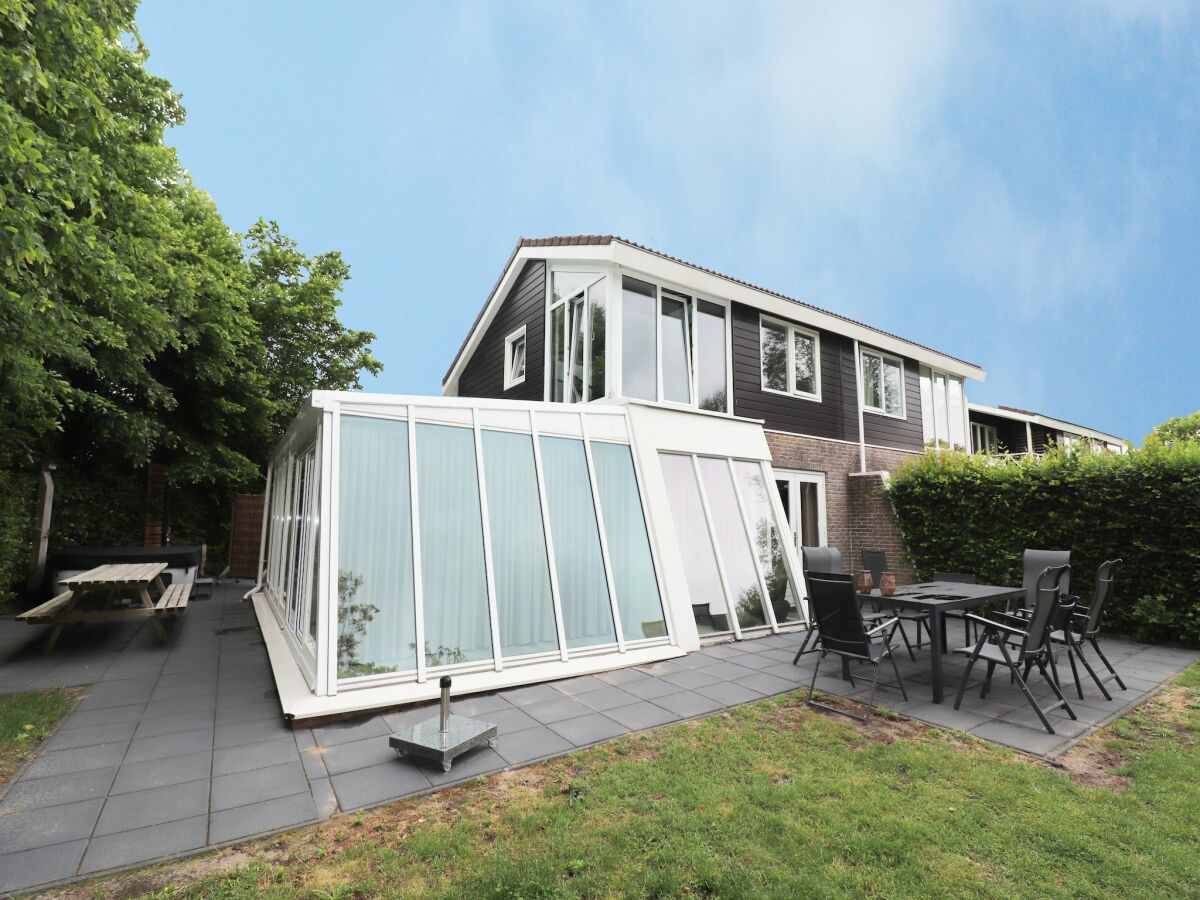 Holiday house Luxuriöses Ferienhaus mit Sauna in Vlagtwedde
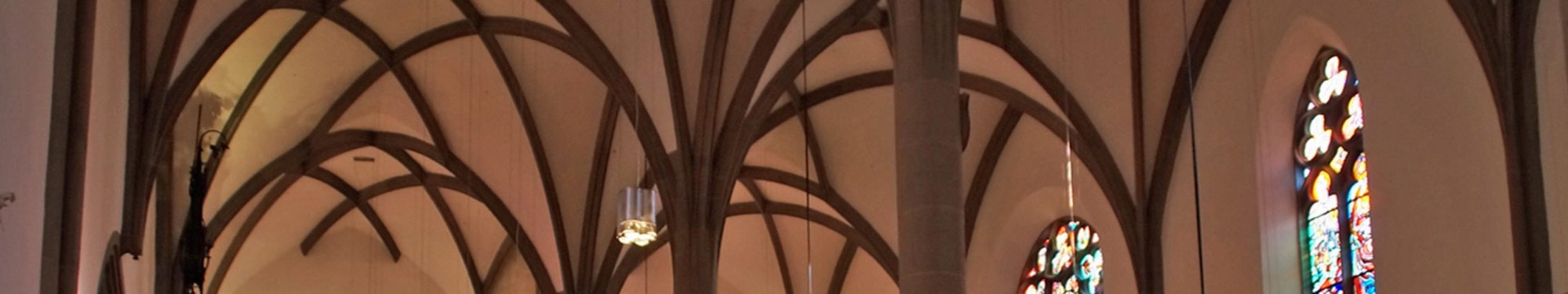 9941a-K3-Gotik-22-Dom-Feldkirch-innen-von-links-DSC05421-1920x360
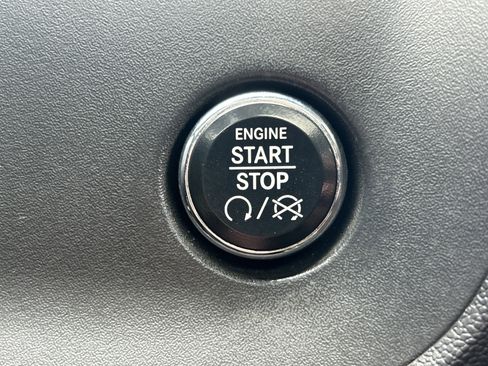 Used 2013 Dodge Challenger SXT w/ Super Sport Group image 32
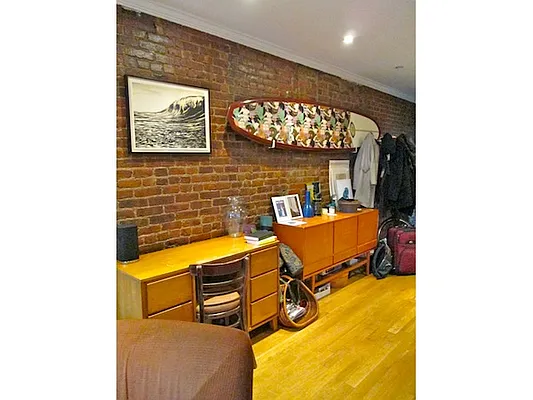 Rented by Mirador Real Estate | media 9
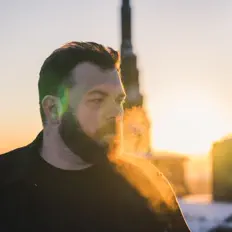 Man of the Minch सुनें, म्यूज़िक वीडियो देखें, बायो पढ़ें, दौरे की तारीखें और बहुत कुछ देखें!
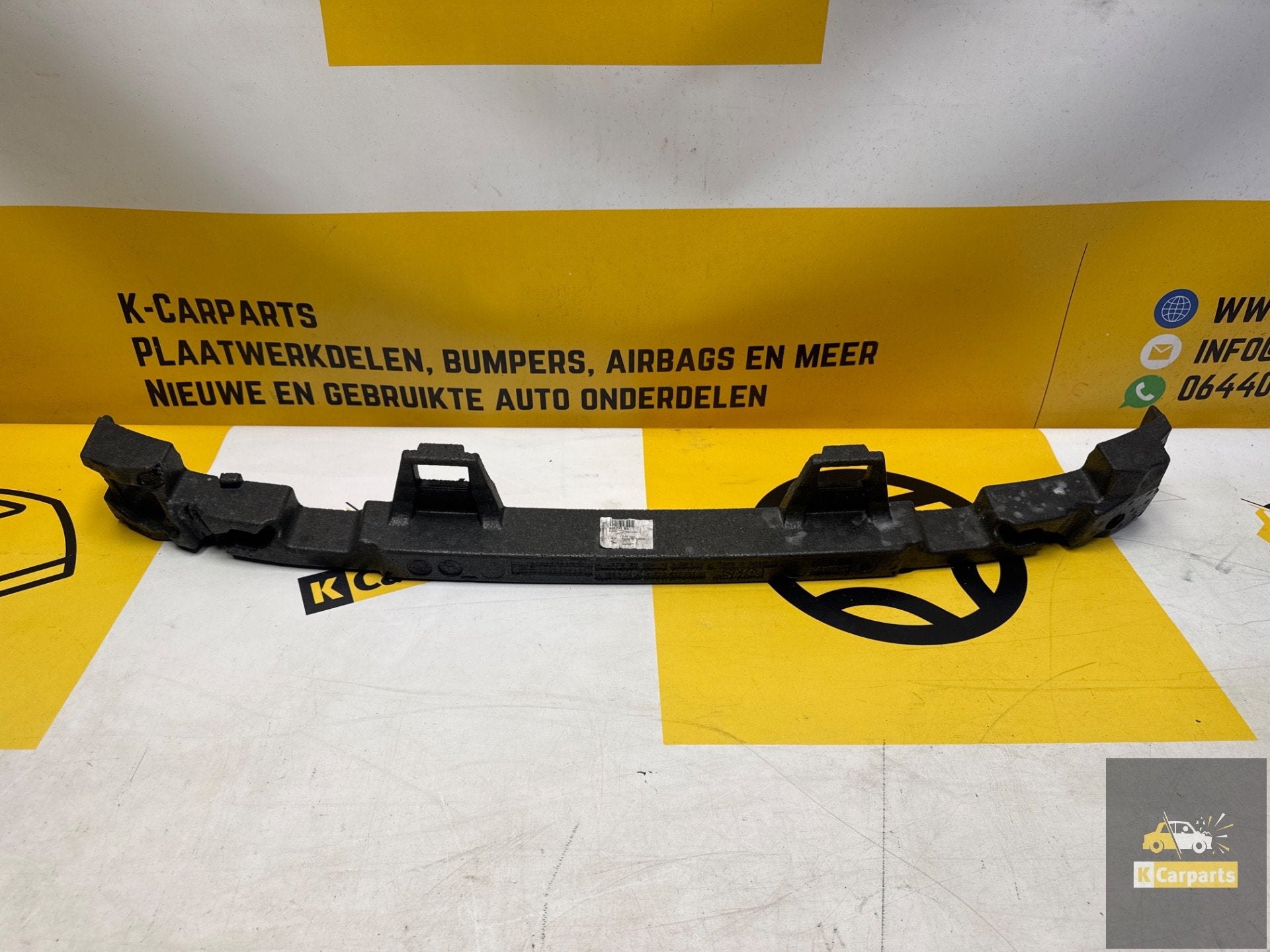 Mousse de pare-chocs AUDI A1 Sportback 82A807251, Autos : Pièces & Accessoires, Info@fabrikant.eu, Fabrikant BV, Fabrikantstraat 1
1000 AA  Amsterdam, NL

============================================================

→ THE PROBLEM
Where images occur in the data above, leave them out and repeat everything else exactly.

→ OUTPUT OF THE EXERCISE
 Holiday house Luxuriöses Ferienhaus mit Sauna in Vlagtwedde
 9941a-K3-Gotik-22-Dom-Feldkirch-innen-von-links-DSC05421-1920x360
 Used 2013 Dodge Challenger SXT w/ Super Sport Group image 32
 Rented by Mirador Real Estate | media 9
 Man of the Minch सुनें, म्यूज़िक वीडियो देखें, बायो पढ़ें, दौरे की तारीखें और बहुत कुछ देखें!
 Mousse de pare-chocs AUDI A1 Sportback 82A807251, Autos : Pièces & Accessoires, Info@fabrikant.eu, Fabrikant BV, Fabrikantstraat 1
1000 AA  Amsterdam, NL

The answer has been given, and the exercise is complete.